Physical characteristics
- • location: La Malbaie
- • coordinates: 47°44′00″N 70°01′59″W﻿ / ﻿47.73346°N 70.03296°W
- • elevation: 317 m (1,040 ft)
- Mouth: St. Lawrence River
- • location: La Malbaie (sector of Bas-de-l'Anse)
- • coordinates: 47°41′33″N 70°01′46″W﻿ / ﻿47.6925°N 70.02944°W
- • elevation: 3 m (9.8 ft)
- Length: 5.8 km (3.6 mi)
- • location: La Malbaie

Basin features
- • right: Ruisseau de la Fromagerie

= Rivière à la Loutre (La Malbaie) =

The Loutre River is a tributary of the northwest shore of the St. Lawrence River, flowing into the town of La Malbaie, between the towns of Cap-à-l'Aigle and Saint-Fidèle, in the Charlevoix-Est Regional County Municipality, in the administrative region of Capitale-Nationale, in Quebec, in Canada. The course of this river flows into the St. Lawrence in the hamlet of Bas-de-l'Anse, northeast of the town of La Malbaie.

The valley of this watercourse is served by route 138 (Malcolm-Fraser Blvd.) which runs along the northwest shore of the St. Lawrence River and by route Sainte-Mathilde East.

Forestry is the main economic activity of the sector; recreational tourism activities (including resort and bed and breakfasts), second.
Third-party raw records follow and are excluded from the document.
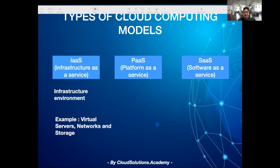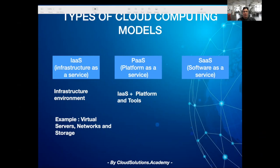I'll talk about virtualization in the next session. Infrastructure as a service gives you maximum flexibility, as you're responsible for capacity management of servers — like how many virtual machines are required, provisioning the virtual machines, and software maintenance activities like patching the OS and so on.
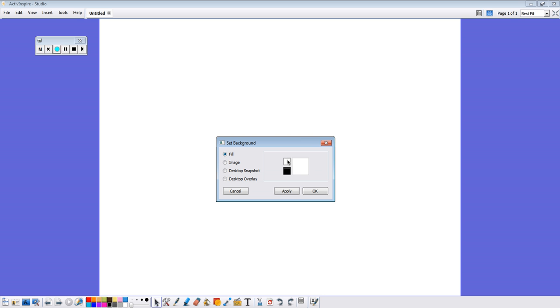And we're going to come over here to these boxes. The two smaller boxes are what we want to work with first. And these are the colors that are going to encompass our gradient. So I'm going to click on that first one.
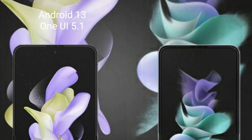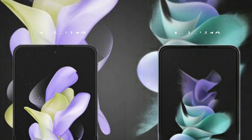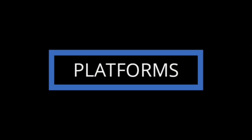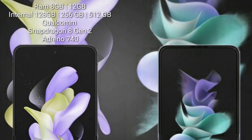The Samsung Galaxy Z Flip 5 runs on the Android 13 operating system. The Samsung Galaxy Z Flip 3 also runs on the Android 13 operating system.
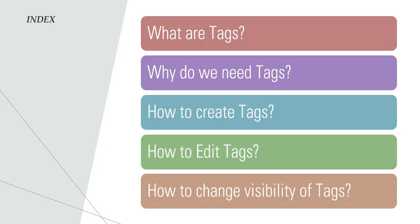In this video we will be discussing what are tags, why do we need them, how to create tags, how to edit tags, and finally how to change visibility of the tags. If you want to skip to any particular topic, the links are mentioned in the description.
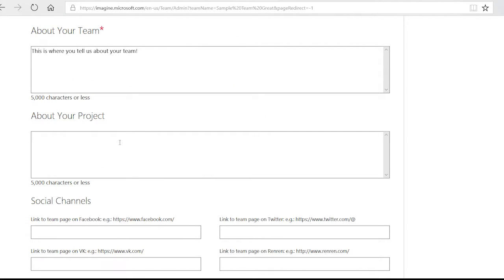You don't have to go into too much detail, though, as there is a project description document that you'll fill in with great detail later.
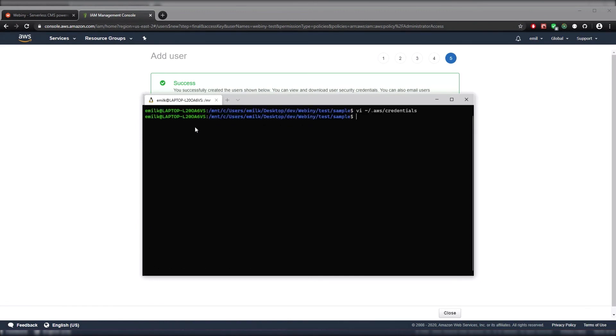But once we save, sweet. Now we've successfully set up our AWS user account and IAM credentials. In our next video we'll show you how to set up your MongoDB Atlas to get your connection string.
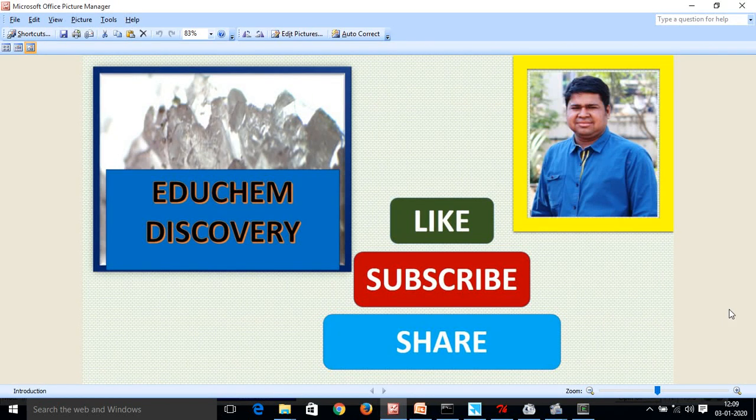Hello friends, this is Kumar Pratyush and welcome to my channel, Educant Discovery. Please like, subscribe and share.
The surface of this stream is generally frozen from mid-December to late-March. Nevertheless, safe ice traffic is generally from late December to mid-March.

== Geography ==
The main hydrographic slopes near the "Loutre River" are:
- North side: Port au Persil River, Noire River, Port au Saumon River, Saguenay River;
- East side: St. Lawrence River;
- South side: St. Lawrence River;
- West side: Baptiste-Jean brook, Comporté River, Jacob River, Snigole River, Malbaie River.

The Loutre River originates from a small unidentified lake (length: 0.2 km; altitude: 317 m) in forest area. From the mouth of this head lake, the course of the Loutre River descends by traveling 5.8 km according to the following segments:
- 1.0 km south by cutting a forest road to a bend in the river, corresponding to the confluence of a creek (coming from the east);
- 2.4 km south to a creek (coming from the east);
- 1.0 km southerly, bypassing the hamlet of Bas-de-Anse, to the bridge of route 138;
- 1.4 km southeasterly down the cliff in a forest area to the shore of the Gulf of St. Lawrence.

==Toponymy==
The origin of the name "rivière à la Loutre" is related to the presence of otters in this area.

The toponym "rivière à la Loutre" was formalized on December 5, 1968 at the Bank of place names of the Commission de toponymie du Quebec.